ABSTRACT – PROJECT 4 Despite extensive research efforts to understand the biology of hepatitis C virus (HCV), it remains a major human pathogen without a vaccine. In addition, there is a remarkable absence of information regarding the structure of the virion and organization of its component proteins. We intend to use our extensive structural biology experience with the related flaviviruses, to focus on determining the structure of the viral glycoproteins, the virus particle, and complexes of potent neutralizing antibodies bound to the surface glycoproteins. This project will rely heavily on and interact extensively with Project 1 to interrogate the structure and provide guidance into the features of the glycoproteins that are important for eliciting broad and potent neutralizing antibodies. Iterative analysis and re-engineering of the E1E2 glycoproteins will be conducted to guide the antibody component of a dual B and T cell HCV vaccine, the focus of this U19 proposal. This specific project will use three aims to determine the structure of the E1E2 heterodimer, the virus particle, and neutralizing antibody Fabs bound to the glycoproteins. Based on biophysical and immunological assays, computational modeling and structure analyses, the E1E2 glycoproteins will be engineered to present epitopes that elicit strong neutralizing and broadly reactive antibodies and minimize the presentation of decoy non-productive epitopes. Furthermore, the organization of the glycoproteins and the structure of the virus particle will be determined. The tools of molecular virology, biophysics, computational modeling, x-ray crystallography and cryo-electron microscopy will be used to produce atomic-level details of the epitope landscape of HCV. The gained structural information will be utilized to design novel antigens in Project 1, determine the structures of designed immunogens experimentally in Project 4 and tested in vivo in Projects 1, 2 and 3. We will guide Project 1 at various times during the project to allow them to utilize the optimal E1E2 immunogen for studies in guinea pigs and, ultimately, a lead candidate for an optimized E1E2 immunogen for nonhuman primate studies. This information will be invaluable in deciphering the nature of neutralizing antibodies and their mechanisms of action against HCV and will shed light on the assembly and entry of hepatitis C virions.

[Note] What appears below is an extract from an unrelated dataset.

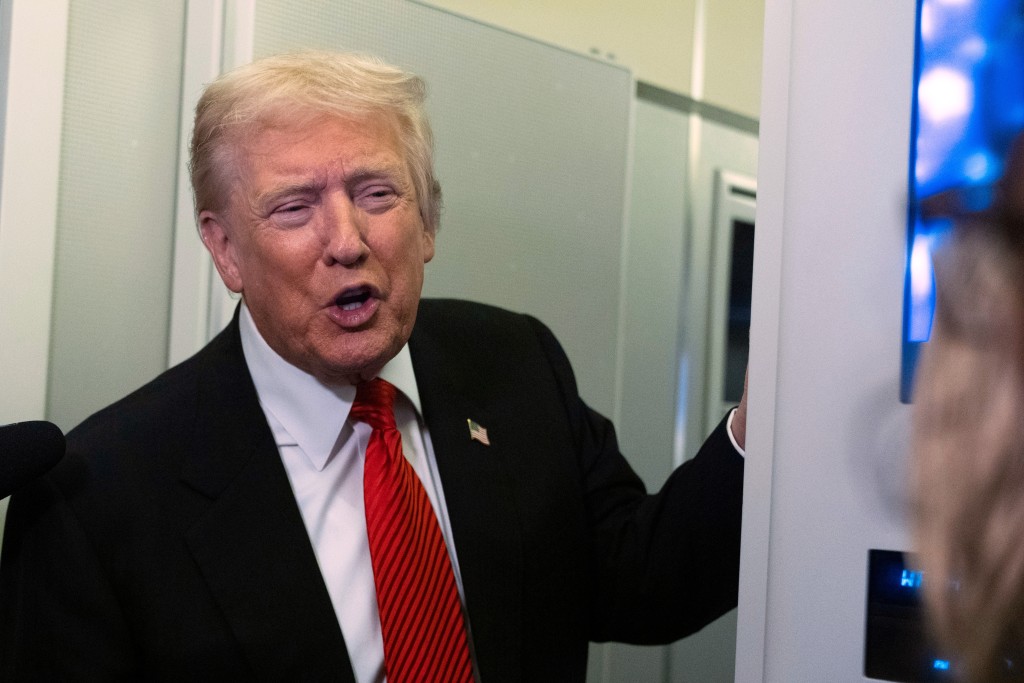 特朗普指指中俄秘密核試。美聯社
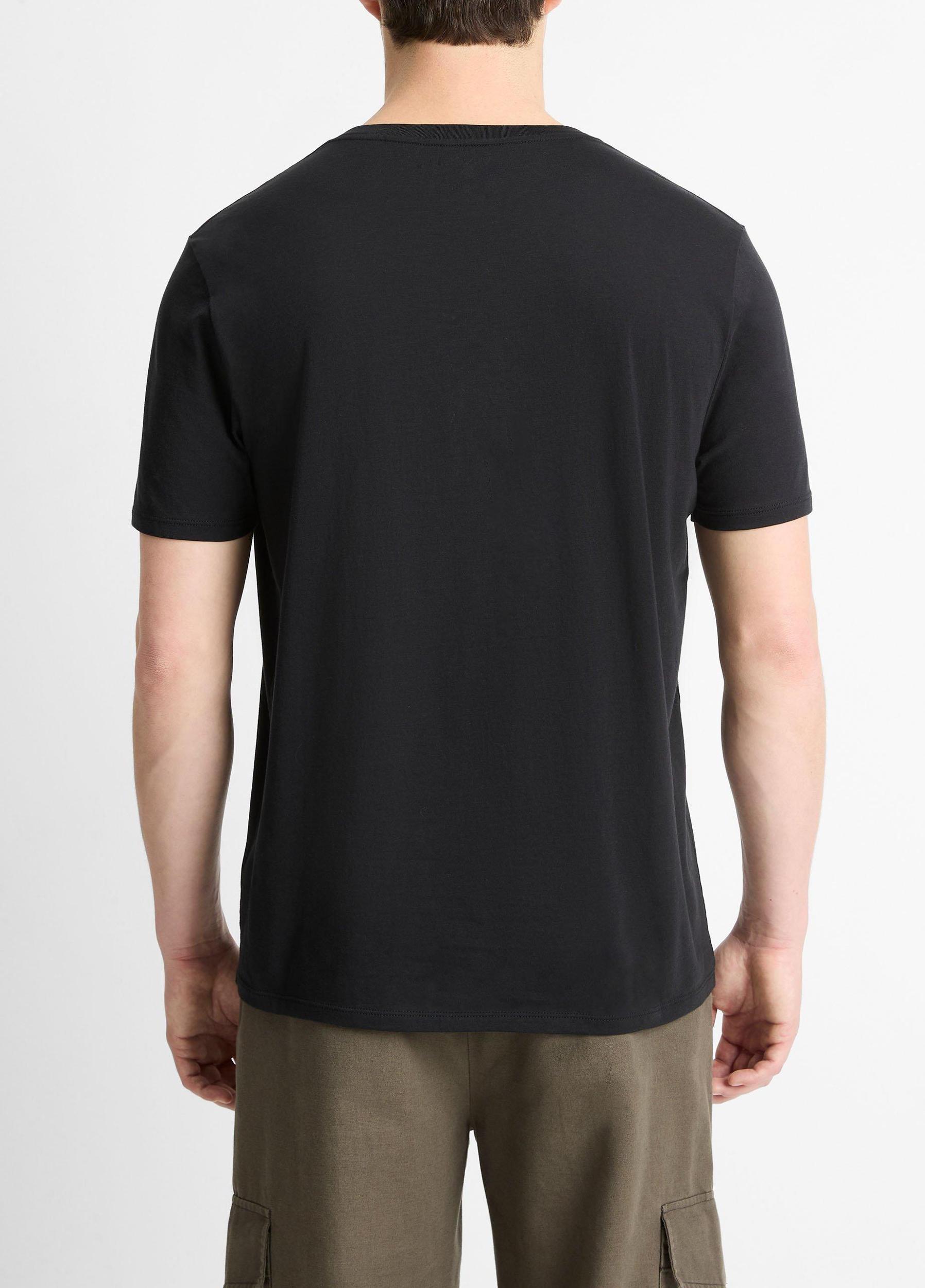 Pima Cotton V-Neck T-Shirt Product Image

摘要 – 项目 4 尽管为了解丙型肝炎病毒 (HCV) 的生物学特性进行了广泛的研究工作，但它仍然是人类的主要病毒。 此外，还明显缺乏有关其结构的信息。 我们打算利用我们广泛的结构生物学来研究病毒体及其组成蛋白的组织。 相关黄病毒的经验，重点确定病毒糖蛋白的结构，病毒 该项目将依赖于颗粒和与表面糖蛋白结合的有效中和抗体复合物。 重点关注项目 1 并主要与项目 1 互动，以询问其结构并为项目 1 提供指导 糖蛋白的特征对于引发广泛且有效的中和抗体非常重要。 将进行E1E2糖蛋白的分析和重新设计，以指导抗体成分 B 细胞和 T 细胞 HCV 疫苗是该 U19 提案的重点，该具体项目将使用三个目标。 确定E1E2异二聚体、病毒颗粒和与病毒颗粒结合的中和抗体Fab的结构 基于生物物理和免疫学测定、计算模型和结构分析， E1E2 糖蛋白将被设计为呈现能引发强中和和广泛反应的表位 抗体并最大限度地减少诱饵非生产性表位的呈现。 糖蛋白和病毒颗粒的结构将被确定分子病毒学的工具， 生物物理学、计算模型、X射线晶体学和冷冻电子显微镜将用于生产 HCV 表位景观的原子级细节将用于设计。 项目1中的新抗原，项目4中通过实验确定设计的免疫原的结构，以及 在项目1、2和3中进行了体内测试。我们将在项目期间的不同时间指导项目1，让他们能够 利用最佳 E1E2 免疫原在豚鼠中进行研究，并最终成为优化的主要候选者 用于非人类灵长类动物研究的 E1E2 免疫原对于破译 E1E2 的本质非常宝贵。 中和抗体及其针对 HCV 的作用机制，并将揭示其组装和 丙型肝炎病毒粒子的进入。